Design area Weak choice Better choice
Workload isolation One collection for all reads and writes Separate paths or capacity strategy for online vs batch work
Fallback behavior Retrieval timeout silently becomes "answer anyway" Detect degraded retrieval and change the response mode
Capacity planning Assume auto-scaling will absorb every spike Model ingest windows and concurrency explicitly

Deep Dive

This failure usually hides because the system still returns an answer. The true issue is that the answer is no longer grounded in current data.
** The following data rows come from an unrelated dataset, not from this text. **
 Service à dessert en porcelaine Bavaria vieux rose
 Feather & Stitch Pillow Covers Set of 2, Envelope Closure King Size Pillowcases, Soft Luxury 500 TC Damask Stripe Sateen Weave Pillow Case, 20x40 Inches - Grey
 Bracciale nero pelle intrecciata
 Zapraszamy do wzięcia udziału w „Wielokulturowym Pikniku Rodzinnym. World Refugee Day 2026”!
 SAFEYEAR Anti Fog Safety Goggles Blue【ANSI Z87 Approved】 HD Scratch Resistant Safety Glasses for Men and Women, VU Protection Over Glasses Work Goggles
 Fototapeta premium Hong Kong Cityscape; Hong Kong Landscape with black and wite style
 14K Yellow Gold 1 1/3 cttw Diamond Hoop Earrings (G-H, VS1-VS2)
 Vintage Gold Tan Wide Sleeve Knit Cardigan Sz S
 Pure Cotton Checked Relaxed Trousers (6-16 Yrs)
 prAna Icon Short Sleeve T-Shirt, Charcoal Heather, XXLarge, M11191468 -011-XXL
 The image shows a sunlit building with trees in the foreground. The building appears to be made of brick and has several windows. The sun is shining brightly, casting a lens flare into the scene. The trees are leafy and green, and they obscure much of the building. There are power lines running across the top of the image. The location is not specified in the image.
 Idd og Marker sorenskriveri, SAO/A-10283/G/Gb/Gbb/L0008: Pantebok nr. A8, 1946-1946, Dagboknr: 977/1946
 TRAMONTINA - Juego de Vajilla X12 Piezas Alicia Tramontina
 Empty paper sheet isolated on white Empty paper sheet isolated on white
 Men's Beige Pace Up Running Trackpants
In RAG systems, background maintenance can quietly corrupt the quality of the online path if both workloads compete for the same search capacity.

Better designs include:

  • dedicated collections or indexes for ingestion and serving,
  • staged indexing followed by controlled alias swaps,
  • scheduled ingest windows aligned to low user traffic,
  • alarms that combine retrieval latency and retrieval hit quality.

Detection Signals

  • Search latency spikes during predictable ingest windows
  • More answers are generated without retrieved context
  • Query timeout rates increase while batch jobs are active

Runbook

  1. Correlate retrieval latency with indexing-job schedules.
  2. Separate online serving from ingest-heavy write paths.
  3. Use staged indexing and cutover instead of in-place heavy updates.
  4. Add a degraded-mode response when retrieval misses are caused by infrastructure stress.
  5. Review whether the current store is still the right fit for the update pattern.

Questions To Ask

  • Which search workload has the stricter SLA: online queries or batch updates?
  • Can we rebuild or refresh data without touching the serving path?
  • What should the user experience be when retrieval is temporarily degraded?
  • Are we measuring retrieval quality separately from LLM response success?

Interview Drill

Why is "the model still answered" not enough evidence that the retrieval architecture is healthy?

Good Outcome

Online retrieval has protected capacity and quality stays stable even while the corpus is being refreshed.